Blog by Sumana Harihareswara, Changeset founder

16 Feb 2008, 11:55 a.m.

Superiority Dance

Hi, reader. I wrote this in 2008 and it's now more than five years old. So it may be very out of date; the world, and I, have changed a lot since I wrote it! I'm keeping this up for historical archive purposes, but the me of today may 100% disagree with what I said then. I rarely edit posts after publishing them, but if I do, I usually leave a note in italics to mark the edit and the reason. If this post is particularly offensive or breaches someone's privacy, please contact me.

A couple of years ago, I tried to explain to Eric that he had a bad conversational habit. When Person A brings what she thinks is a new item into the conversation, and Person B says "Oh yeah, I already know all about that," Person A feels as though her conversational effort has been rebuffed or she's being called stupid for thinking the item is new or interesting. I used the Gricean maxims, specifically quantity, to explain to Eric why his habit bothered me: he was acting as though I had broken the "be informative" rule.

Patrick Nielsen Hayden is a little more forthright and antagonistic when he sees this habit:

I personally think conversations about the current emergency would be vastly improved by a general moratorium on the "What, You Just Figured That Out, Where Have You Been?" rhetorical gambit. Indeed, what that particular routine indicates most clearly is that the speaker is more interested in striking a pose than in actually forming a useful alliance.

...

"Charles Dodgson": "I must be a more cynical SOB than Patrick --- I'm not remotely surprised. It's just a fact of human nature that [etc]"

I like your writing and I like you, but this is an online rhetorical gambit on which I call BS.

First, point to where I said I was surprised.

Second, the game of "You're surprised by $ODIOUSBEHAVIOR???" is itself odious. Hello, person who has, by dint of great effort, worked themselves around to agreeing with me! Allow me to point out in the most withering possible terms that I'm more worldly than you, more knowledgeable than you, more sophisticated than you, and boy howdy, are you ever a chump.

I've indulged in this variety of superiority dance myself. Astonishingly, it turns out to not be the most effective imaginable way of acquiring and retaining allies. Human nature is so unpredictable; who could have known?
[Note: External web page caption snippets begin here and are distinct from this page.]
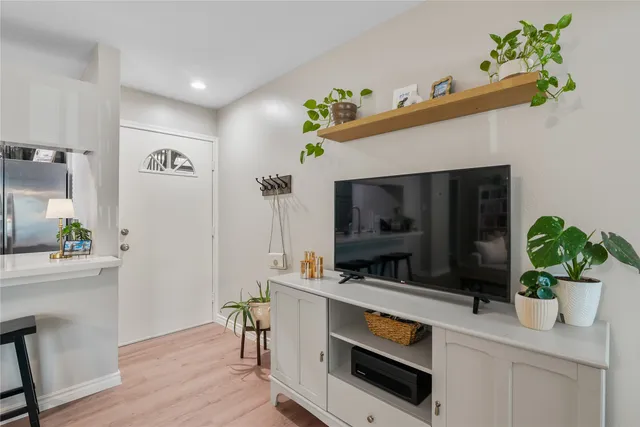 a kitchen with a sink appliances and cabinets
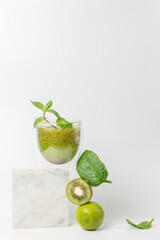 Fototapeta premium The concept of a detox cocktail of fruits and vegetables. Smoothie with kiwi, mint, lime and spinach on a stand over a white background. Vertically, copy space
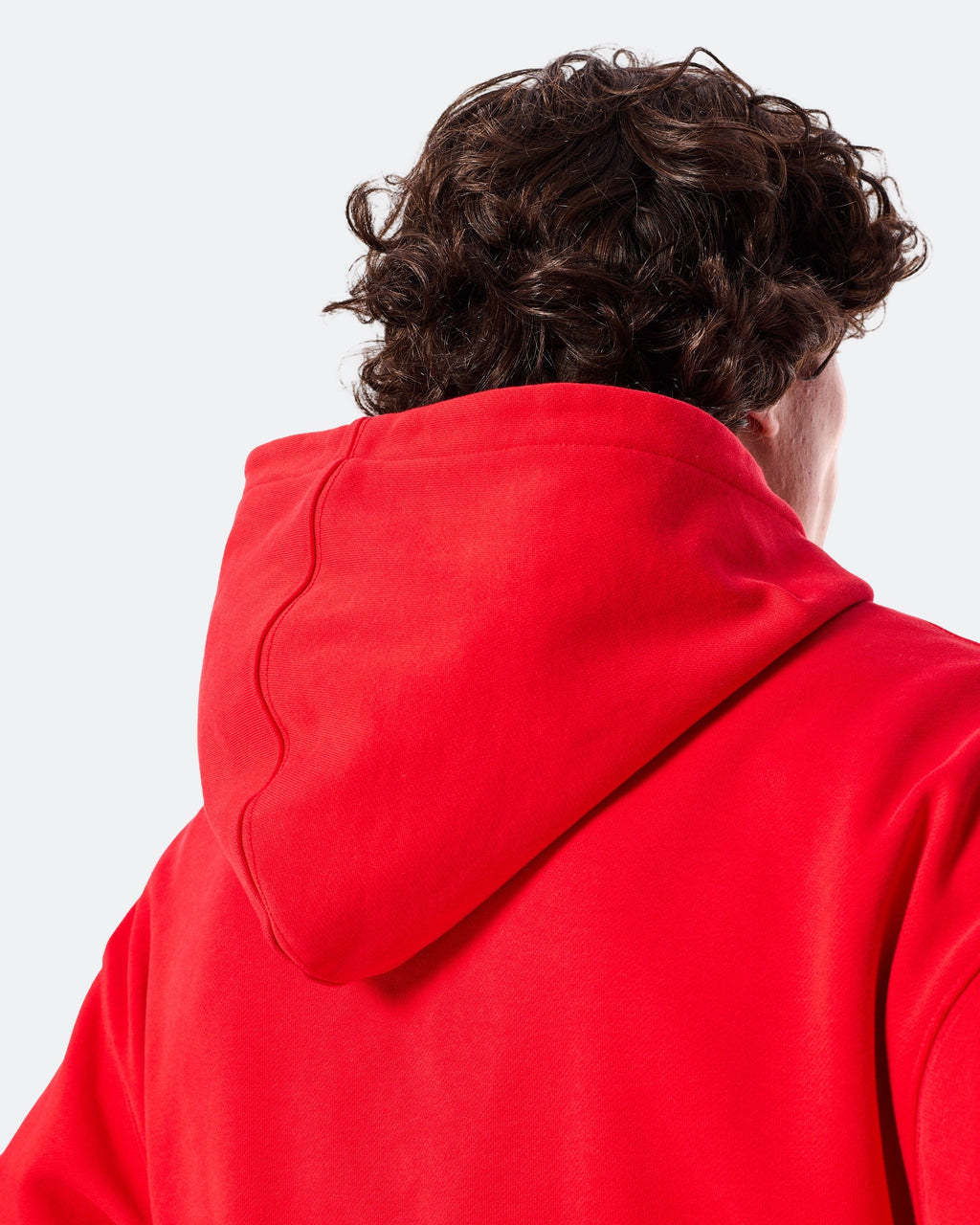 Back view of red DopeDreamz hoodie showing structured hood design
Last night I saw Eric and a bunch of other folks in my master's cohort at Jen's party. The Swiss guy played the piano and I joked that the hydrazine in that satellite the government's shooting down is just a Xeroxed zine for people who love water -- perfectly harmless! I mentioned how much I love my new job, especially because the people are friendly: more specifically, the founders at the top don't shun human interaction the way Joel and Michael do, and the company culture suits me far better. Sure I'll have moments of conflict with my coworkers, but they'll be about "who's in charge of this task" or "you should have done that more quickly," not a fundamental misapprehension of human nature.